A primeira reunião entre os dois blocos, a ter a data confirmada, vai definir o calendário da fase final da negociação. Se Bruxelas não colocar ofertas na mesa, restará ao Mercosul tirar as consequências.

Em todo caso, no mesmo dia os franceses vão mobilizar ministros de Agricultura, em Bruxelas, na segunda-fera, para exigir da UE estudo sobre o impacto de um acordo. Certos negociadores consideram que, enfim, os franceses "rasgaram a máscara" e mostram quem é realmente o obstáculo ao acordo.

A mensagem da França na prática é de que a UE já concedeu demais na negociação de Doha, na Organização Mundial do Comércio (OMC), e não tem mais a oferecer na negociação birregional.

O problema é sobretudo no setor de carnes, onde o Mercosul, e especificamente o Brasil, tem peso preponderante. Nada menos de 82% da carne bovina importada pela UE vem do bloco do Cone Sul e 64% no caso da carne de frango. Das exportações de 2,3 bilhões no ano passado com carnes para o mercado europeu, o Brasil obteve 1,5 bilhão.

Na OMC, pela proposta que resta na mesa de uma negociação que ninguém sabe quando será terminada, a UE deverá oferecer cota (com tarifa menor) entre 250 mil a 330 mil toneladas de carne bovina, grande parte dela para o Brasil e Argentina.

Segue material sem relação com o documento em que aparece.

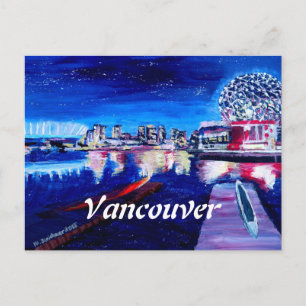 Carte Postale Skyline de Vancouver la nuit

Para ter uma ideia das dificuldades na negociação birregional, o Mercosul pediu em 2006 cota de 300 mil toneladas para carne bovina e na ocasião Bruxelas acenava com 150 mil toneladas.

Bruxelas já indicou que UE e Mercosul ganhariam, cada, 4,5 bilhoes por ano a mais, com a liberalização birregional. Mas a França alega que um entendimento com o Mercosul será catastrófico para Irlanda, Luxemburgo, Reino Unido, Bélgica, Áustria, Eslovênia, França e Suécia, no caso de carne bovina. E para Hungria, Chipre e Polônia no setor de aves.

Ontem, os países que se juntaram aos franceses foram a Irlanda, Grécia, Hungria, Áustria, Luxemburgo, Polônia, Finlândia, Romênia e Chipre. A situação está mais difícil em meio à crise. A Grécia, à beira da falência, aderiu aos protestos contra um acordo com o Mercosul.

O comunicado para o encontro dos líderes da UE-Mercosul não estabelecerá prazo para concluir a negociação. Mas os espanhóis chegam a falar em fechar o acordo até dezembro, o que parece difícil no atual contexto político da Europa.